We do call free(), since the chunkfile struct is heap allocated, but not
the more appropriate free_chunkfile(), which also frees memory that the
structure itself owns.

Call that instead to avoid leaking memory in this function.

Signed-off-by: Ævar Arnfjörð Bjarmason <avarab@gmail.com>
Signed-off-by: Taylor Blau <me@ttaylorr.com>
---
The patch contents are from Ævar, but the message is mine. I hope that
he doesn't mind me forging his sign-off here.

 midx.c | 3 ++-
 1 file changed, 2 insertions(+), 1 deletion(-)

--
2.33.0.96.g73915697e6

Comments

Junio C Hamano Oct. 21, 2021, 5:50 a.m. UTC | #1
Taylor Blau <me@ttaylorr.com> writes:

> The patch contents are from Ævar, but the message is mine. I hope that
> he doesn't mind me forging his sign-off here.
>
>  midx.c | 3 ++-
>  1 file changed, 2 insertions(+), 1 deletion(-)
>
> diff --git a/midx.c b/midx.c
> index 8433086ac1..36e4754767 100644
> --- a/midx.c
> +++ b/midx.c
> @@ -179,12 +179,13 @@ struct multi_pack_index *load_multi_pack_index(const char *object_dir, int local
>  	trace2_data_intmax("midx", the_repository, "load/num_packs", m->num_packs);
>  	trace2_data_intmax("midx", the_repository, "load/num_objects", m->num_objects);
>
> +	free_chunkfile(cf);
>  	return m;
>
>  cleanup_fail:
>  	free(m);
>  	free(midx_name);
> -	free(cf);
> +	free_chunkfile(cf);
>  	if (midx_map)
>  		munmap(midx_map, midx_size);
>  	if (0 <= fd)

The former is not something we can mechanically locate, but the
latter we should be able to.  And indeed this is the only instance
the following experiment finds.

	$ cat >contrib/coccinelle/chunkfile.cocci <<-\EOF
	@@
	identifier f !~ "^free_chunkfile$";
	struct chunkfile *cf;
	@@
	  f(...) {<...
	- free(cf)
	+ free_chunkfile(cf)
	  ...>}
	EOF
	$ make contrib/coccinelle/chunkfile.cocci.patch

Thanks.
Ævar Arnfjörð Bjarmason Oct. 21, 2021, 11:34 a.m. UTC | #2
On Wed, Oct 20 2021, Taylor Blau wrote:

> The patch contents are from Ævar, but the message is mine. I hope that
> he doesn't mind me forging his sign-off here.
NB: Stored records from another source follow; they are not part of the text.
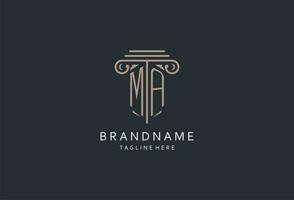 ma monogram logo met pijler vorm icoon, luxe en elegant ontwerp logo voor wet firma eerste stijl logo vector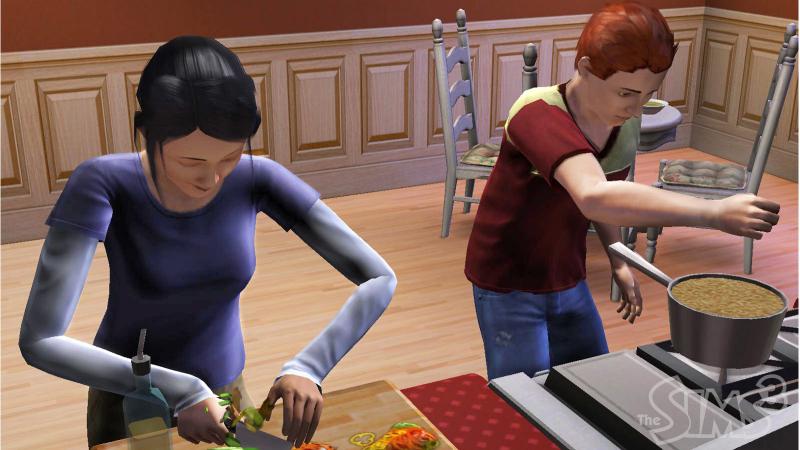 Die Sims beim Kochen.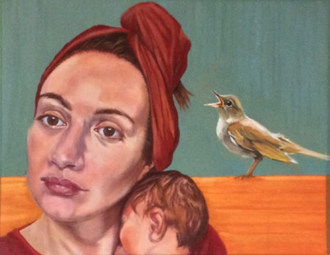 Ukrainian mother with baby born in bomb shelter, March 2022. Painting by Helena Siedlecka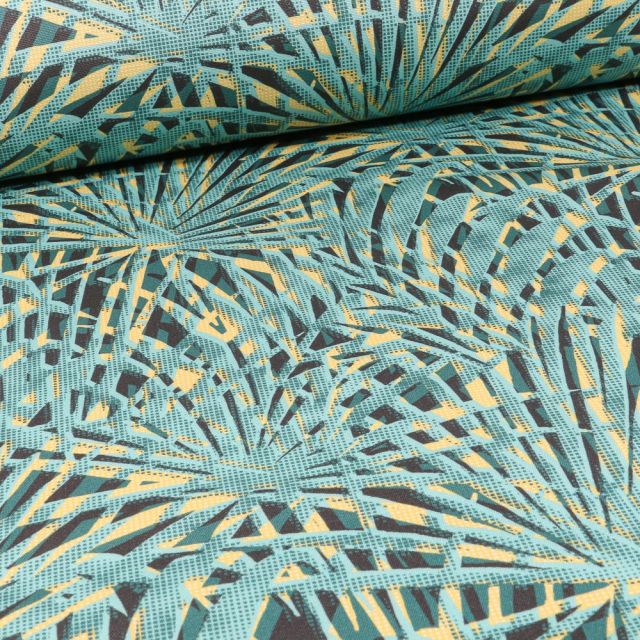 Tissu Toile Transat Dralon Feuilles de palmiers colorées sur fond Vert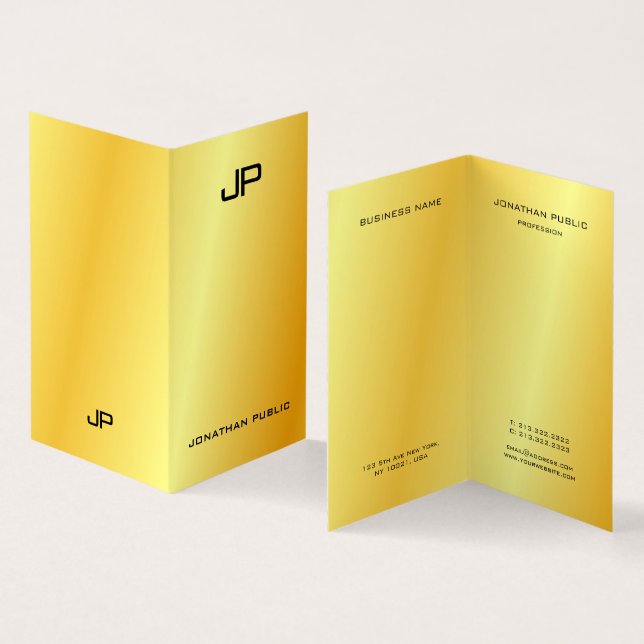 Carte De Visite Faux Gold Professional Élégant Monogramme moderne (Intérieur et extérieur)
I don't mind, and (and maybe we should have an in-tree text file for
this) like I think Jeff King has noted for his inline-posted patches for
discussion you can assume my SOB for anything I post here on list
(except noted otherwise) in terms of copyright.
Junio C Hamano Oct. 21, 2021, 4:16 p.m. UTC | #3
Taylor Blau <me@ttaylorr.com> writes:

>  cleanup_fail:
>  	free(m);
>  	free(midx_name);
> -	free(cf);
> +	free_chunkfile(cf);
>  	if (midx_map)
>  		munmap(midx_map, midx_size);
>  	if (0 <= fd)

Not a fault of this patch, but I think the code is calling close()
on an already closed file descriptor in cleanup_fail codepath, when
"goto cleanup_fail" is reached after xmmap() returned, e.g. when
oid_version() does not match hash_version, when we failed to read
the ToC.

Also, it is not clear why is it a dying offence if we do not find
packnames chunk, but it is just a "pretend as if we do not have this
midx file and everybody else is happy" when we failed to read the
ToC.
Taylor Blau Oct. 22, 2021, 3:04 a.m. UTC | #4
On Thu, Oct 21, 2021 at 09:16:27AM -0700, Junio C Hamano wrote:
> Taylor Blau <me@ttaylorr.com> writes:
>
> >  cleanup_fail:
> >  	free(m);
> >  	free(midx_name);
> > -	free(cf);
> > +	free_chunkfile(cf);
> >  	if (midx_map)
> >  		munmap(midx_map, midx_size);
> >  	if (0 <= fd)
>
> Not a fault of this patch, but I think the code is calling close()
> on an already closed file descriptor in cleanup_fail codepath, when
> "goto cleanup_fail" is reached after xmmap() returned, e.g. when
> oid_version() does not match hash_version, when we failed to read
> the ToC.
>
> Also, it is not clear why is it a dying offence if we do not find
> packnames chunk, but it is just a "pretend as if we do not have this
> midx file and everybody else is happy" when we failed to read the
> ToC.

Yep, I agree with you on both of those. I would be happier to see fewer
die()s deep within midx.c. I'll start a list for myself of some
potential future cleanups in this area that don't involve memory leaks.

My hunch is that there's enough subtlty here that we shouldn't tie the
two (fixing leaks, and other general issues/tidiness in the MIDX code)
together. So I'll keep track of the latter separately and address those
in future series.

Thanks,
Taylor
diff mbox series

Patch

diff --git a/midx.c b/midx.c
index 8433086ac1..36e4754767 100644
--- a/midx.c
+++ b/midx.c
@@ -179,12 +179,13 @@  struct multi_pack_index *load_multi_pack_index(const char *object_dir, int local
 	trace2_data_intmax("midx", the_repository, "load/num_packs", m->num_packs);
 	trace2_data_intmax("midx", the_repository, "load/num_objects", m->num_objects);

+	free_chunkfile(cf);
 	return m;

 cleanup_fail:
 	free(m);
 	free(midx_name);
-	free(cf);
+	free_chunkfile(cf);
 	if (midx_map)
 		munmap(midx_map, midx_size);
 	if (0 <= fd)